WHAT TO PRODUCE >>
From the line containing "Vanzare apartament 2" to the line containing "2803 Overland Trail, Dickinson, TX" in the entries below, reproduce every line exactly, ends included. Nothing else belongs in the copy, and no pictures.

INPUT DATA >>
☆ ☆ ☆
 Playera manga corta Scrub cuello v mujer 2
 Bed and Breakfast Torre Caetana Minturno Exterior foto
☆ ☆ ☆
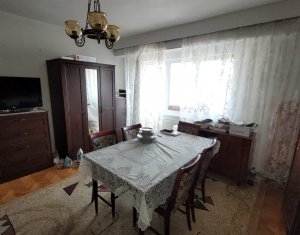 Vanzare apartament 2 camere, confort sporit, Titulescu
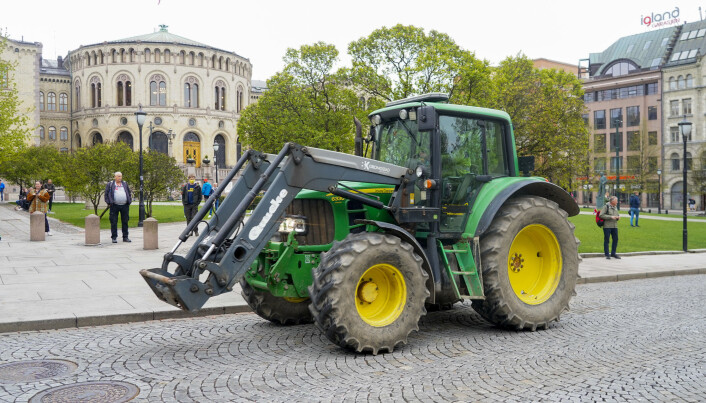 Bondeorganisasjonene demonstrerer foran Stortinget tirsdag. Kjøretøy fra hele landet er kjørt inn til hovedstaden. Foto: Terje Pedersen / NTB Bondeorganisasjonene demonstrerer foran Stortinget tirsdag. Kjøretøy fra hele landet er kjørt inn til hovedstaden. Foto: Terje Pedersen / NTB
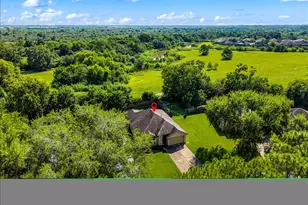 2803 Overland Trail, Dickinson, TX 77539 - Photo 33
☆ ☆ ☆
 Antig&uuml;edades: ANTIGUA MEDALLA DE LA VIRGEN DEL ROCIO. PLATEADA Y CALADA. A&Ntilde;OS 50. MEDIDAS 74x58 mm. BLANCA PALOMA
☆ ☆ ☆
TASK RESULT >>
 Vanzare apartament 2 camere, confort sporit, Titulescu
 Bondeorganisasjonene demonstrerer foran Stortinget tirsdag. Kjøretøy fra hele landet er kjørt inn til hovedstaden. Foto: Terje Pedersen / NTB Bondeorganisasjonene demonstrerer foran Stortinget tirsdag. Kjøretøy fra hele landet er kjørt inn til hovedstaden. Foto: Terje Pedersen / NTB
 2803 Overland Trail, Dickinson, TX 77539 - Photo 33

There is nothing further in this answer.